An excessively unpredictable and isolationist United States, under the US President Trump, whose transactionalism borders on being simplistic, has caused discomfort globally – even more so in the Asia-Pacific region now referred to as the Indo-Pacific. This discomfort is exacerbated the fact, that the US’ unpredictable approach, has been simultaneously accompanied by an increasingly assertive China.
Along with India, Japan and ASEAN members like Singapore, one of the countries which has taken note of the Trump Administration’s unpredictable approach towards the Indo-Pacific region is Australia.
Australia’s reservations with regard to US isolationism and Chinese expansionism
In a White Paper on Foreign Policy (2017), the Australian government while recognizing the less pro-active approach of the Trump Administration, unequivocally argued in favor of more robust engagement between the US and the Indo-Pacific Region
‘We believe that the United States’ engagement to support a rules-based order is in its own interests and in the interests of wider international stability and prosperity’

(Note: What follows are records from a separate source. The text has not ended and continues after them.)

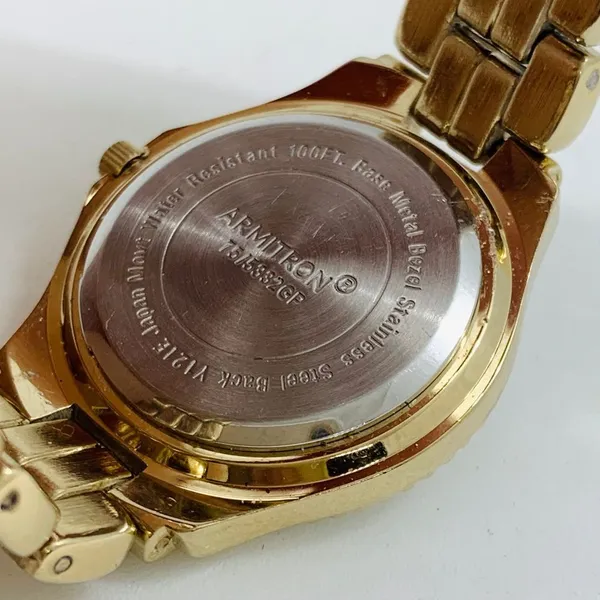 Armitron 27mm ladies Quartz analog WR watch gold tone MOP dial 6.5”-7” - Image 6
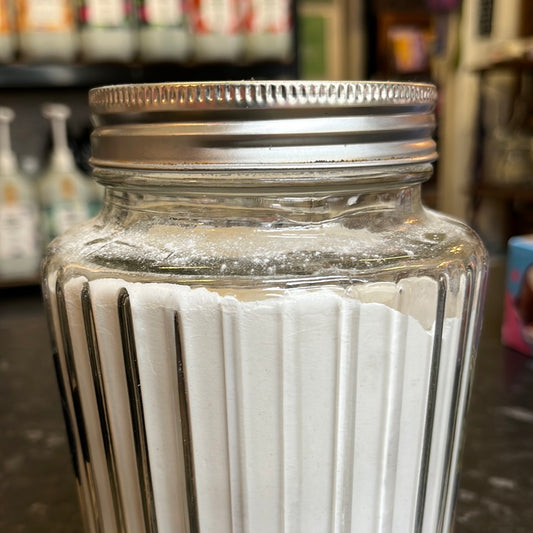 A glass jar filled with Baking Powder.
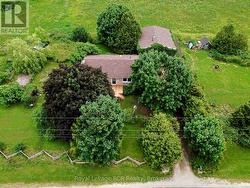 Home is surrounded by trees & greenery. -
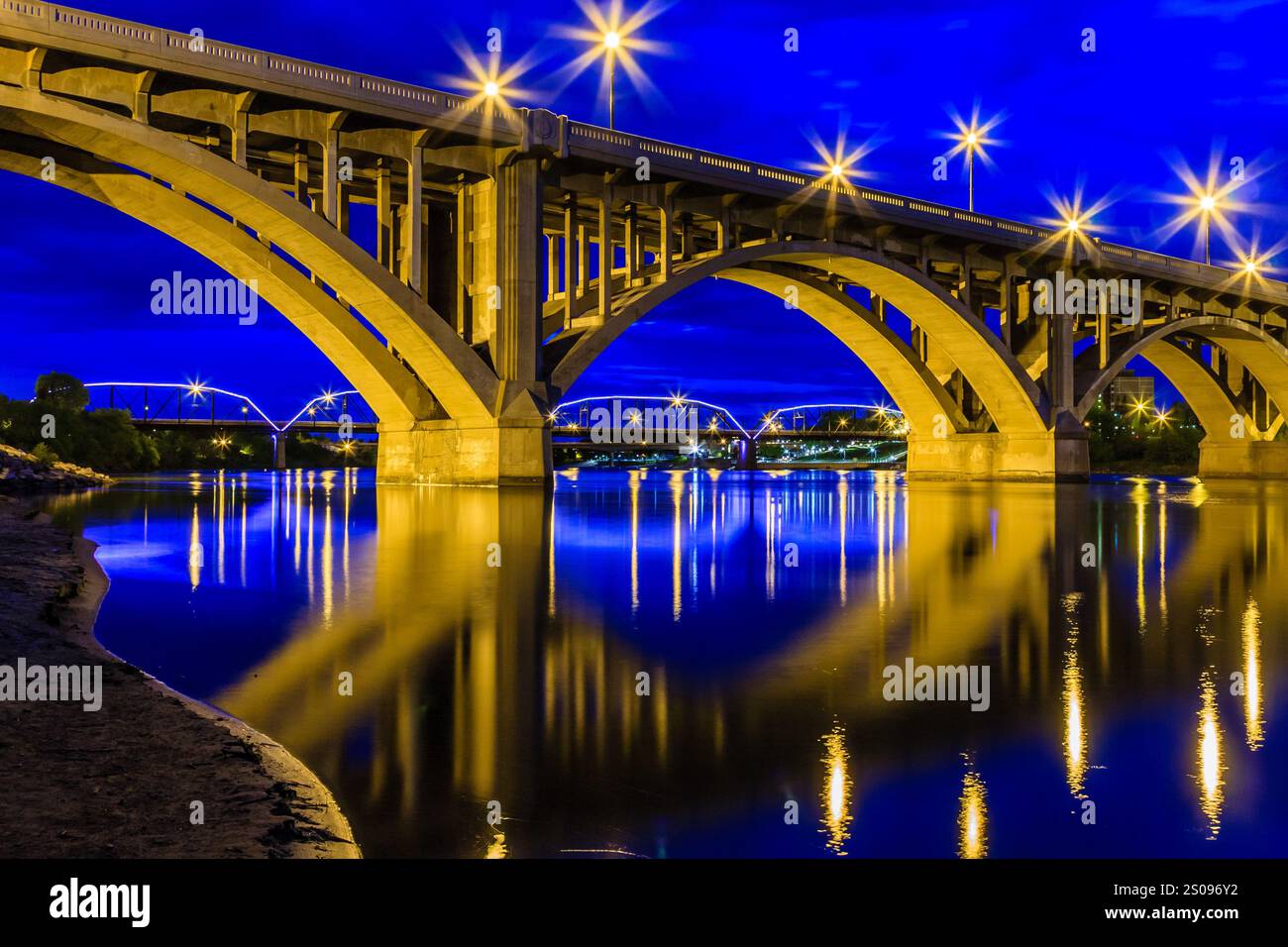 A bridge with lights shining on it. The lights are reflecting on the water. The bridge is lit up at night Stock Photo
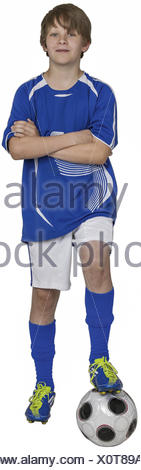 Junge steht mit einem Bein auf Fussball, verschraenkte Arme (model-released)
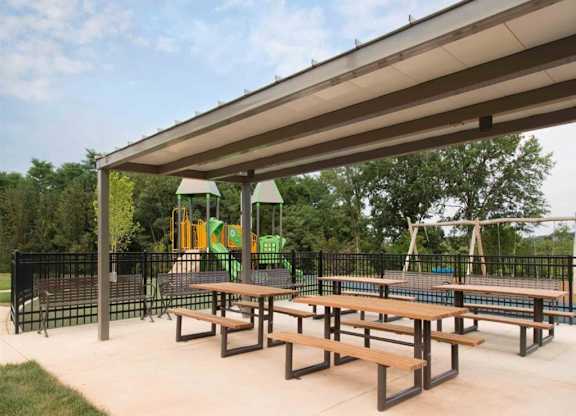 a picnic area with benches and a playground in the background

The White Paper while drawing attention to the unpredictable approach of the US, also highlights the rise of China. While Australia has robust economic ties with Beijing, with bilateral trade estimated at well over 100 Billion USD in 2016 and Chinese Investments in Australia estimated at over 15 Billion USD for 2016, The White Paper has not refrained from expressing concern over China’s assertive stand on the South China sea issue.
‘Australia is particularly concerned by the unprecedented pace and scale of China’s activities.. Australia opposes the use of disputed features and artificial structures in the South China Sea for military purposes’.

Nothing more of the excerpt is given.